Plaintiff's allegation that the sale of the shares of stock complained of was approved by a judgment of the Superior Court in an adversary action in which the plaintiff here was party defendant and appeared by a guardian ad litem and answered, nothing else appearing, would raise a complete defense to his complaint on that ground, and his allegations of negligence and mismanagement in respect to the sale of this stock would not avail against a valid judgment rendered by a court having jurisdiction of the parties and of the subject matter.

It is alleged that the Superior Court which rendered the judgment was without jurisdiction of the subject matter, but we do not think the judgment is open to attack on this ground, as a court of equity has power to entertain a petition to sell land to pay debts, though personal property remains undisposed of, in order to preserve the personal property from being sacrificed, Settle v. Settle, 141 N.C. 553, 54 S.E. 445; King v. North Carolina R. Co., 184 N.C. 442, 115 S.E. 172. However, no action was taken on this petition, and some time later an amended petition was filed, which the present plaintiff's guardian ad litem and the adult defendants answered, presenting a proposal for the sale of this stock and asking the court's approval and authority to the executor to conclude the sale for the reasons assigned.

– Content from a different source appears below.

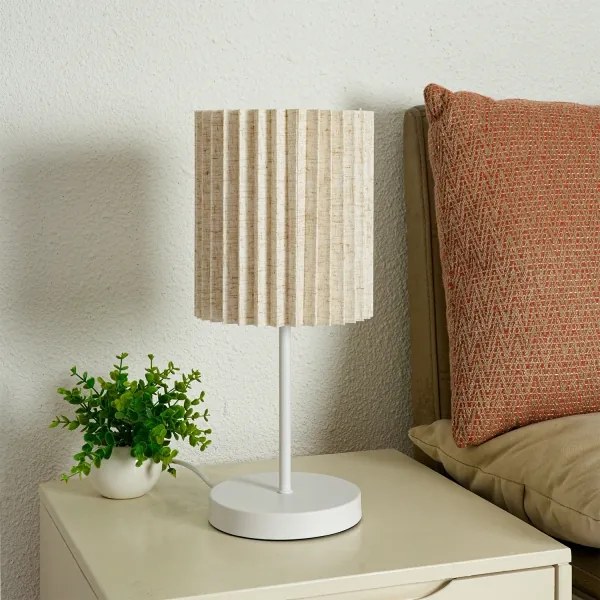 Brilagi - Lampada da tavolo NORDIC WAVE 1xE27/15W/230V lino/bianco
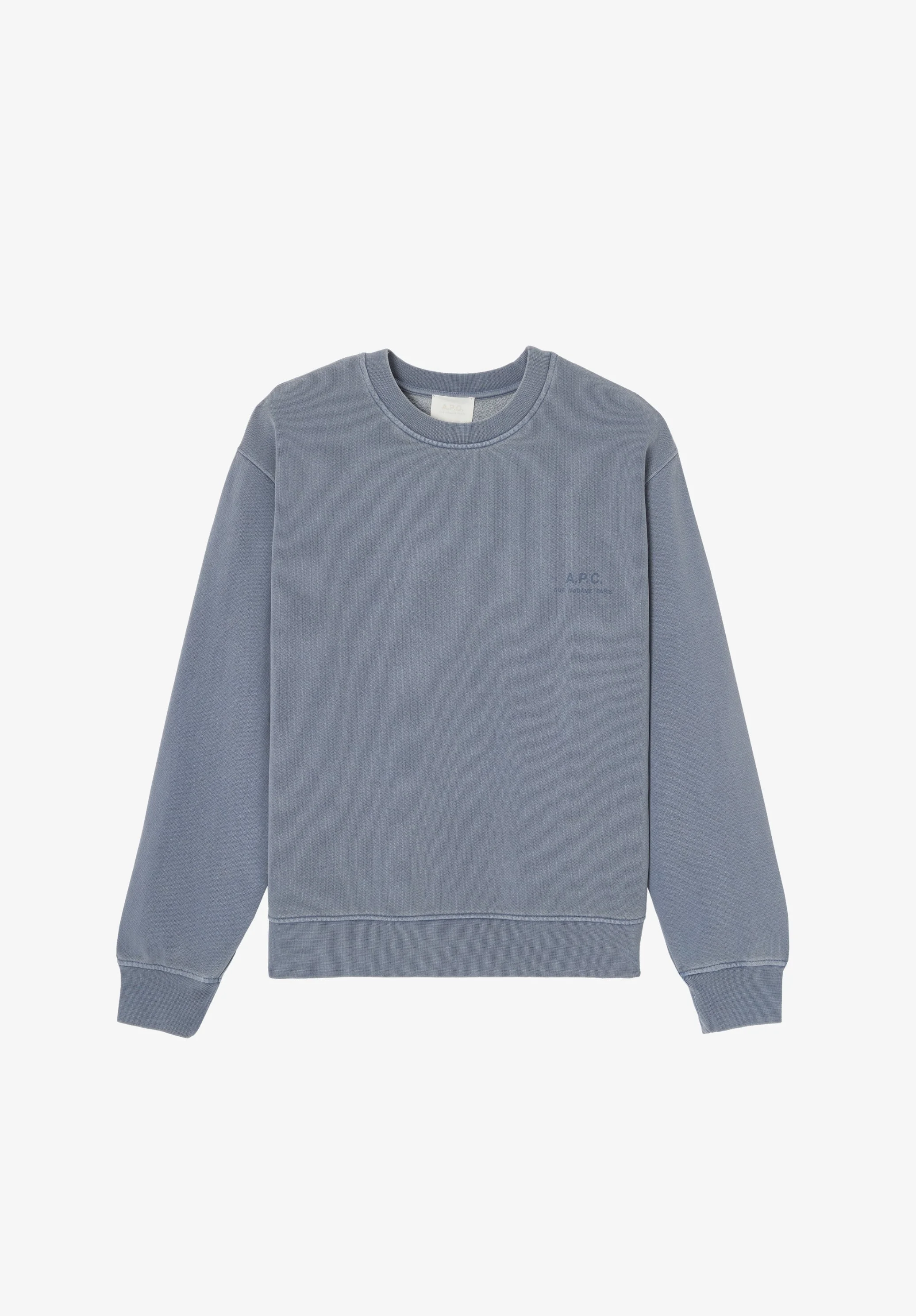 FERNANDO SWEATSHIRT - GRAY-BLUE LOOSE-FIT SWEATSHIRT WITH SMALL A.P.C. LOGO - 1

The facts set out would seem to indicate the court had jurisdiction both of the parties and of the subject matter. Hence mere irregularities in the rendition of the judgment would not justify an independent action to avoid its effect. Irregularities may be corrected by motion in the cause. McIntosh, sec. 652; Simms v. Sampson, 221 N.C. 379, 20 S.E.2d 554; Carter v. Rountree, 109 N.C. 29, 13 S.E. 716.

The remaining ground left the plaintiff upon which to maintain his action, in the face of the judgment which would otherwise bar his access to the relief demanded, is that of fraud. He alleges the judgment was void for constructive fraud on the part of the Trust Company which entered into the rendition of the judgment.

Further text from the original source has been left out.